##### Extracted data

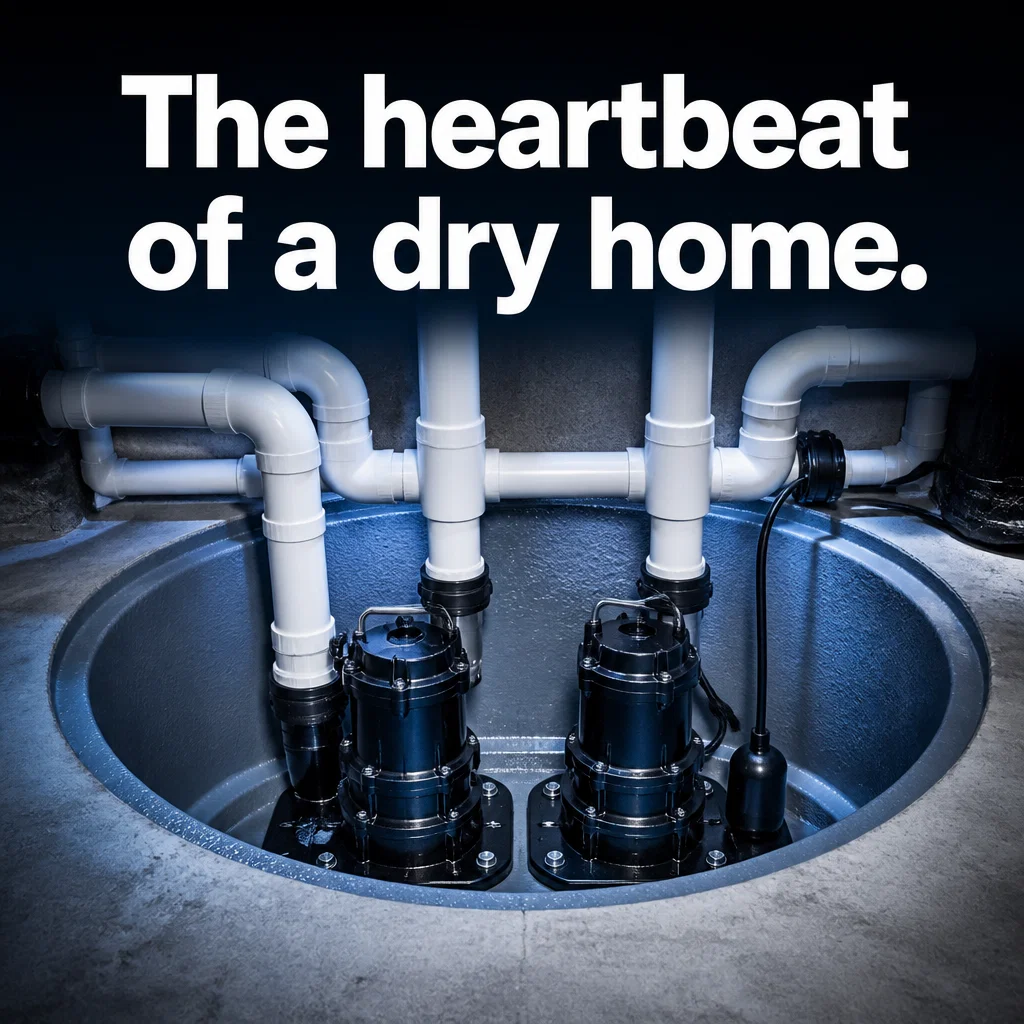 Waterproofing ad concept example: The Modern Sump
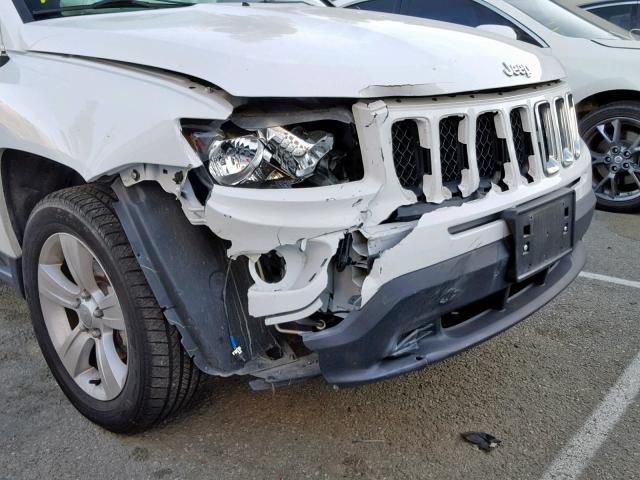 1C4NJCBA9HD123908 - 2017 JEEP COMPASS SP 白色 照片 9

##########
##### Extracted data

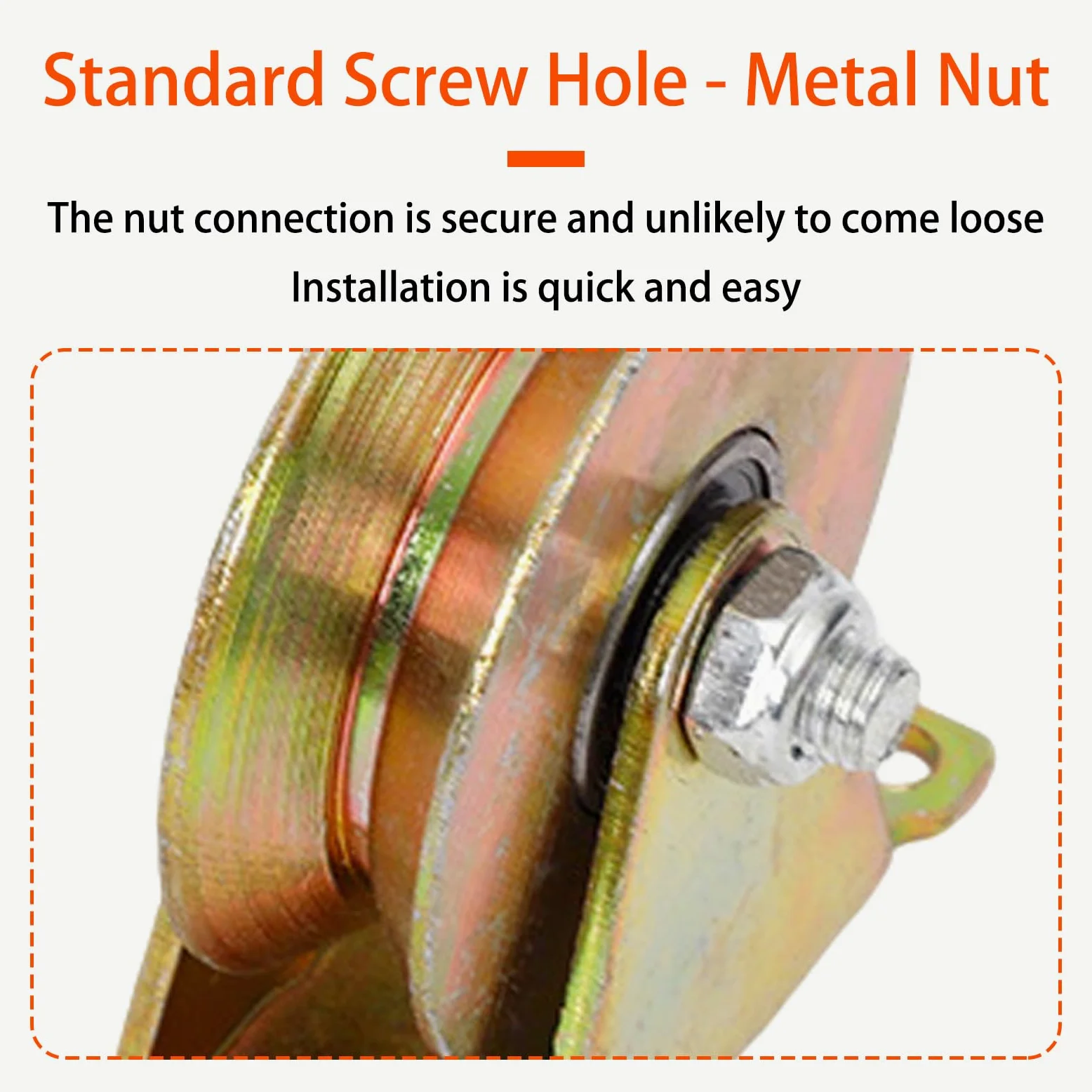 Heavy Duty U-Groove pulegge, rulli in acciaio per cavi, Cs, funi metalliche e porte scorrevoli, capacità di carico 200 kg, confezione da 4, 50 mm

##########

What is needed: An exact copy is needed. It runs from the line above containing "Waterproofing ad concept" down to the line containing "1C4NJCBA9HD123908 - 2017", both included, with no pictures.

Completed task:
 Waterproofing ad concept example: The Modern Sump
 1C4NJCBA9HD123908 - 2017 JEEP COMPASS SP 白色 照片 9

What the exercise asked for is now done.